Beside some common sense preparation like learning the music which they play, like and if possible seeing them on the stage before shooting and joining some rehearsals every concert is different, every musician, band or in this case orchestra has different personality.
I am shooting Beach Cities Symphony Orchestra for last 3 years. (Please visit their web sites and come to concerts. BCSO is a non-profit organisations and concerts are free http://www.beachcitiessymphony.org/ ) I can say that it is one of the most demanding, challenging and satisfying experience of my stage shooting experience.
Taking photos of a live classical concert while they are performing for audience is hard and a lot different then shooting a rock band on the stage because there is lots of extra things you need to be careful. May be you can say it is similar to shoot a live theater or similar than a concert shot.
You need to be silent for not disturb the audience. You can not move a lot, even your camera must be very silent. (Technically with experience I can say say that Canon 5D Mark III was the best choice and D800 will follow it. )
You can not go on the stage, You can not be in front of the stage, you can not be inside the audience etc. Also light is set up for a classical music experience. Not so bright and usually not enough for fast exposures. If you think always changing lights of a rock stage is a problem then try to shoot at a classical music concert. And I am not talking about a concert at Hollywood Bowl. I am talking about a relatively small auditorium or an old concert hall.

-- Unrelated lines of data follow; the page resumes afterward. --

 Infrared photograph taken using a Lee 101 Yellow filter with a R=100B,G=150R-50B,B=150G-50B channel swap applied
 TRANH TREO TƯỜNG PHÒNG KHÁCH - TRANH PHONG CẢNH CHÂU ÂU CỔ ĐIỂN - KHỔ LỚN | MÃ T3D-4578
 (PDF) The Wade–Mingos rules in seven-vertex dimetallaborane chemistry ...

As I said before because you can not be get close to the stage physically you need to get close to stage by lenses. I am using telephoto lenses like 400mm and 600mm. These kind of focal distance helps you get photos of individuals on the stage but It brings another problem: Exposure Speed. I knew you heard thousand times “ It’s not the camera that is important but the person behind it.” It is generally true but concert photography your equipment is very important
By those focal distances you need to use really high exposure speeds but light mostly not enough. So you need a really high ISO like over 1600. I suggest and prefer use a full frame digital camera with low noise/high ISO performance. Trust me it really helps a lot.
The following tips are about what gear to use, organization and how to use the available time in a most effective way as to get the best possible photographs and still have fun during the process.

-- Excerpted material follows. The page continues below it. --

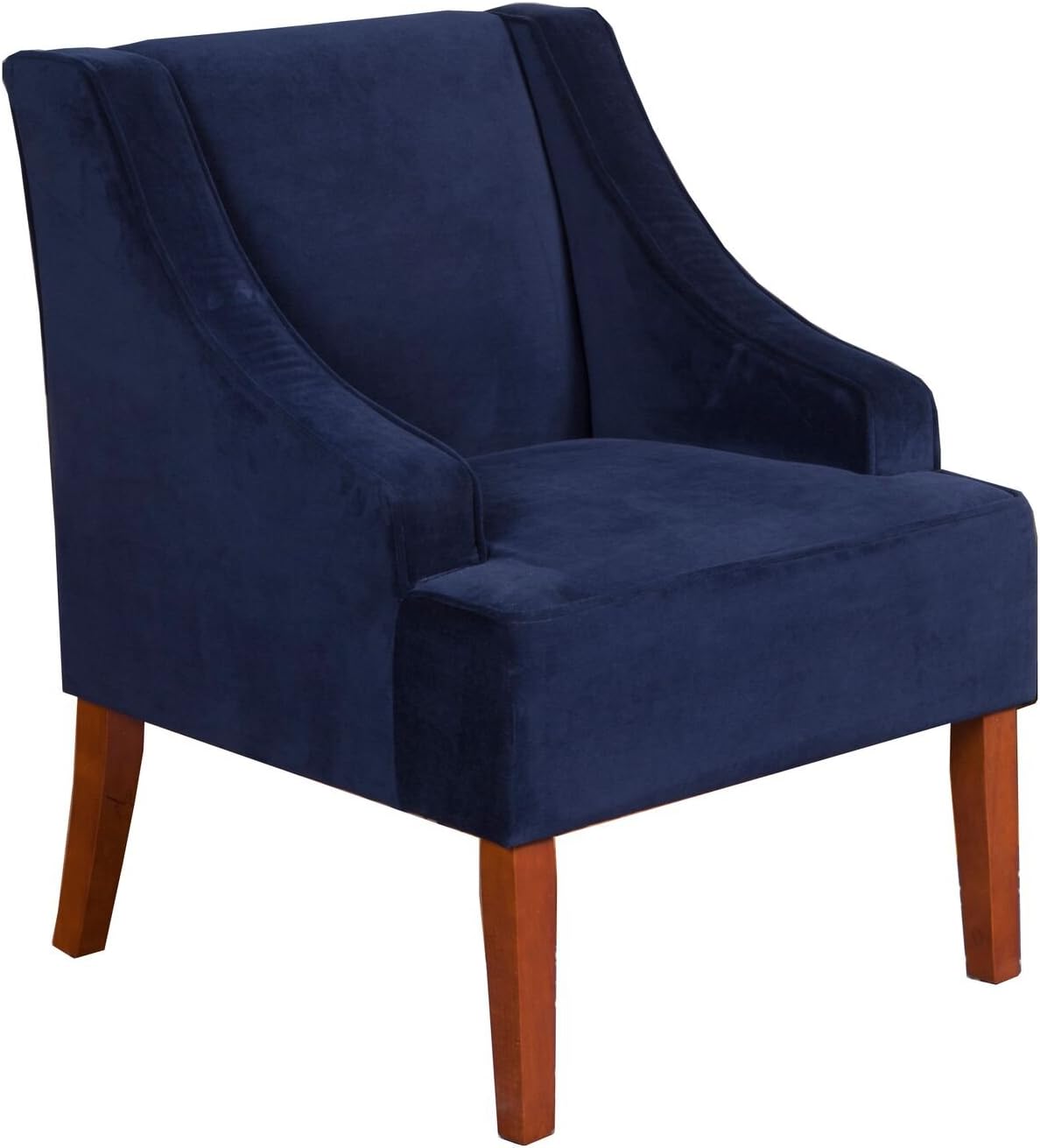HomePop Velvet Swoop Arm Accent Chair, Navy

- Meet with the Orchestra and Conductor. Try to learn what they want and don’t want.
- Listen compositions what they will play and take notes if there is a soloist play or not.
- Location scouting is very important, but very time consuming as well. If you couldn’t see the concert hall before try to be there as early as possible at concert day. Try to pick your spots for shooting. If you can find any spot higher then orchestra it will be great.
- Again be at the concert hall as early as possible. Take a program and plan your shooting. If there will be any speech or special event on the stage plan accordingly.
- Do not rush. It is not a five minute rock song (there is nothing wrong about 5 minute rock music just this one is different) Take your time for shooting what you want.
- It’s not a must but usually having some people there to help you with the coordination for the shoot
- Take whole orchestra photograph but try to take some individual photographs of musicians. Especially conductor, soloist, concertmaster and principals. So locate their places on the stage before concert.
Equipment and shooting:
- Use cameras that allows us to take photos at high ISO without noise.
- Prefer to use lenses with open aperture (f/2.8, f1.8, f/1.4)
- Bring your wide angle and telephoto lenses. In a concert I am using 16mm super wide angle to 600mmm super-telephoto
- Better to take a picture a bit noisy than getting an image without noise but all blurred.
- Never use flash unless there is a lecture before or after concert. Even in that case ask before!
- Always shot RAW
- Try to shoot fast exposure speeds. If you are far even small movement on the stage or on your tripod cause blurry images.
- Use a good tripod and stay away from cheap ones. It helps you to get sharp images, and it carry your expensive camera. A wobbly cheap tripod will not do any good to you and If your camera falls down during concert will be end of the world.